Não sei se alguém que lê este blog conhece os confessionários do Convento de Santo Antônio, no Rio, pelo menos nestes tempos de reforma. Em uma varandinha que dá para o pátio geralmente fechado à visitação dos fiéis estão duas mesinhas, parecendo de repartição pública, cada uma ocupada por um religioso, com uma cadeirinha ao lado para o "pecador" se sentar e preencher verbalmente uma anamnese de falhas espirituais e pouca fé. Escolhi a segunda mesinha, pela distância do salão onde estava sendo celebrada a missa do frei Floriano e também pelos bondosos olhos azuis do franciscano em seu tradicional hábito marrom. Dei bom-dia.
- ... - olhavam-me os olhos azuis.
O que eu deveria falar? O silêncio era constrangedor.
- Bom, não sei por onde começar. Na verdade, estou buscando paz para meu coração e o fim de pensamentos ruins - desabafei, emocionada, com os olhos cheios de lágrimas.
- Há quanto tempo a senhora não se confessa? - perguntou ele.
Tive medo de responder. Só me lembrava da confissão da Primeira Comunhão, quando balbuciei, roxa de vergonha, que brigava com meu irmão, discutia com meus pais e - pecado dos pecados - havia, digamos, tomado emprestado sem pedido nem prazo de devolução uma lindíssima capinha de chuva transparente da Susi de uma amiga.
- Acho que tinha 8 anos. Foi na Primeira Comunhão.
- E quantos anos a senhora tem agora?
- 45.
- E a senhora acha que é católica?
- Claro que sou católica.
- Mas a Igreja manda confessar uma vez por ano. Por que a senhora não fez isso? São 40 anos...
Comecei a me irritar. Ele estava deliberadamente aumentando minha idade.
- Menos de 40, por favor. Mas não acredito em confissão. Acredito em conversas com um Deus piedoso, e isso tenho sempre.
- Existem regras na igreja. A senhora não vai andar nua na rua porque acha isso certo.
Ai, meus sais...
- São coisas diferentes. A justiça dos homens às vezes absolve o que não é absolvido pela divina e vice-versa. Ou não? Acho que há entre os católicos várias correntes que afrouxam ou apertam mais as interpretações das leis de Deus e do Vaticano.
- Isso a senhora está falando sem nenhum embasamento.

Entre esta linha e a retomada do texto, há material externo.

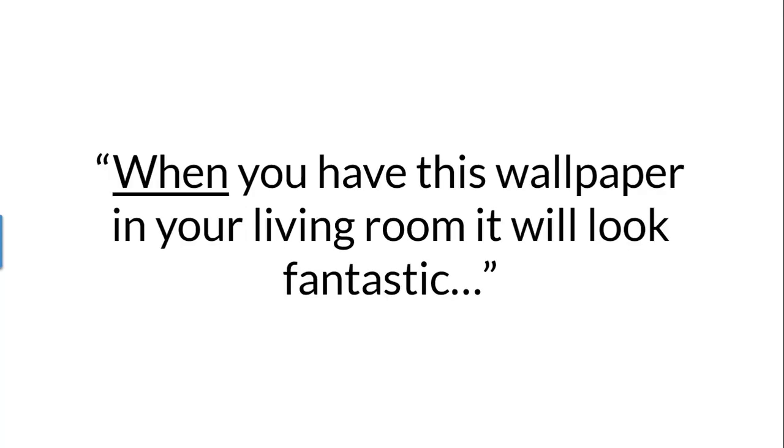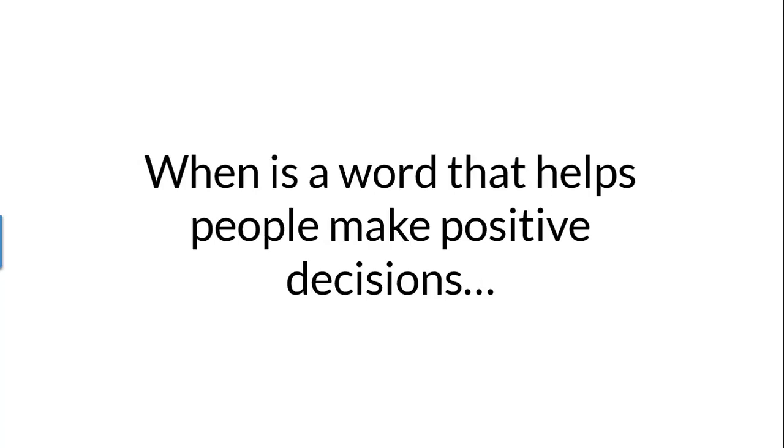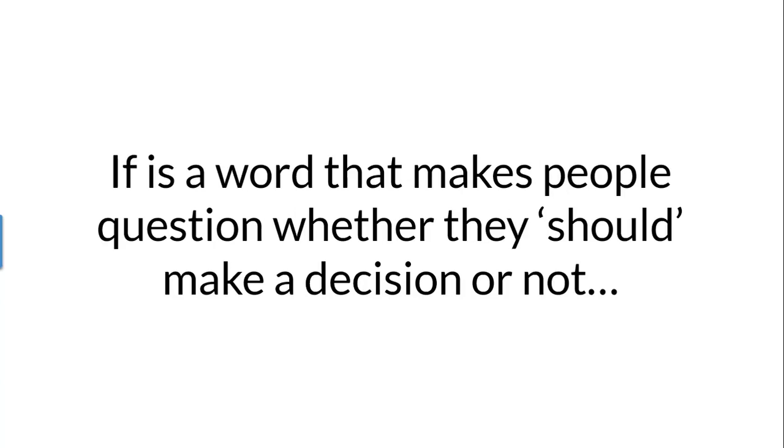Much better is, when you have this wallpaper in your living room, it will look fantastic. When is a word that helps people make positive decisions. If is a word that makes people question whether they should make a decision or not.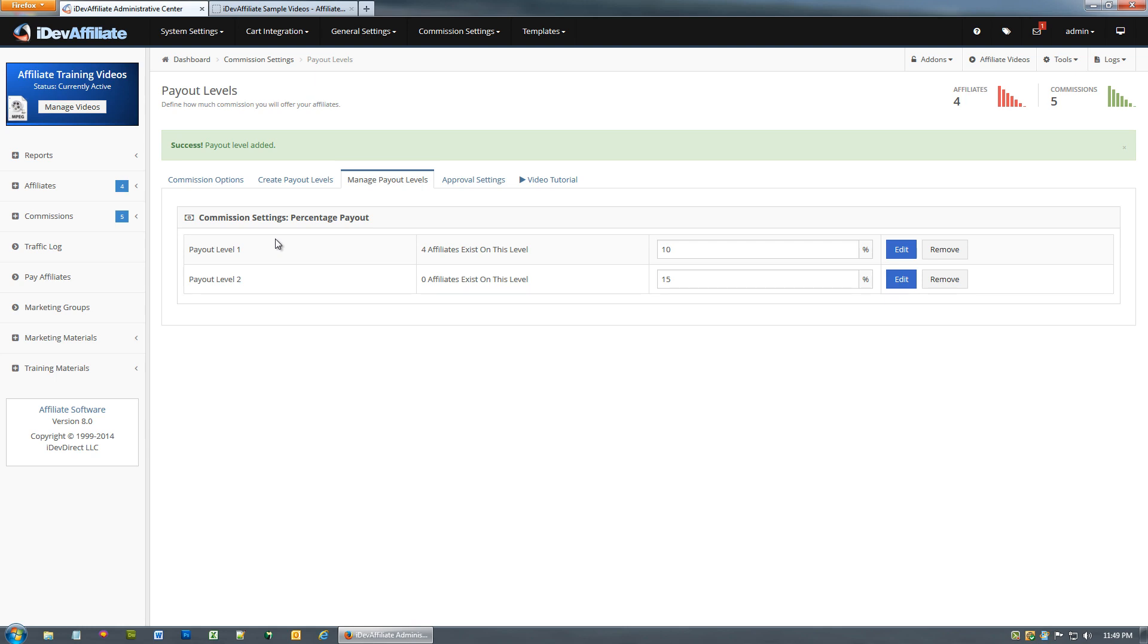The payout levels are available for you to use in any manner you wish and you can enable up to 100 payout levels. I'm not sure that you'd ever really need to do that but you do have the option.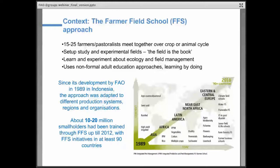It went from just looking at integrated pest management of rice crops to a variety of crops, production systems, and different problems, as you can see in the graph. Moreover, it has been taken up by a lot of other organizations outside of FAO, such as IFAD, but also other NGOs and governments. We estimate that we have between 10 and 20 million farmers who have been trained, in addition to all these different types of staff and extension people.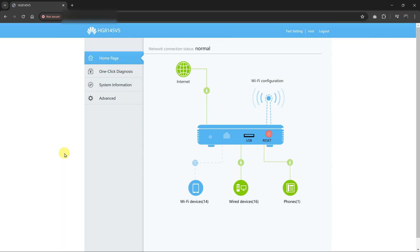In today's tech tip, I'll be showing you how to unblock someone or someone's device, or any device that you had previously blocked from your router. Now the first thing you need to do is log into your router.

Meus sentimentos agora passavam longe de qualquer temperança. Estava em vias de pegar pesado e mandar a tal da paz que fui buscar às favas. Rapidamente, pensei: deve ser uma provação de Deus, tal qual foi feito com Jó. Diminuí a carga com uma enorme expiração.
- Olha, não estou aqui para discutir religião com o senhor, vim em busca de ajuda espiritual.
- A senhora é casada?
Sinceramente, não entendi a razão da pergunta. Enfim...
- Não, separada.
- Casou-se na igreja?
(Cordeiro de Deus que tirais os pecados do mundo, tende piedade de nós. Cordeiro de Deus que tirais o pecado do mundo, tende piedade de nós. Cordeiro de Deus que tirais o pecado do mundo, dai-nos a paz - repetia como um mantra)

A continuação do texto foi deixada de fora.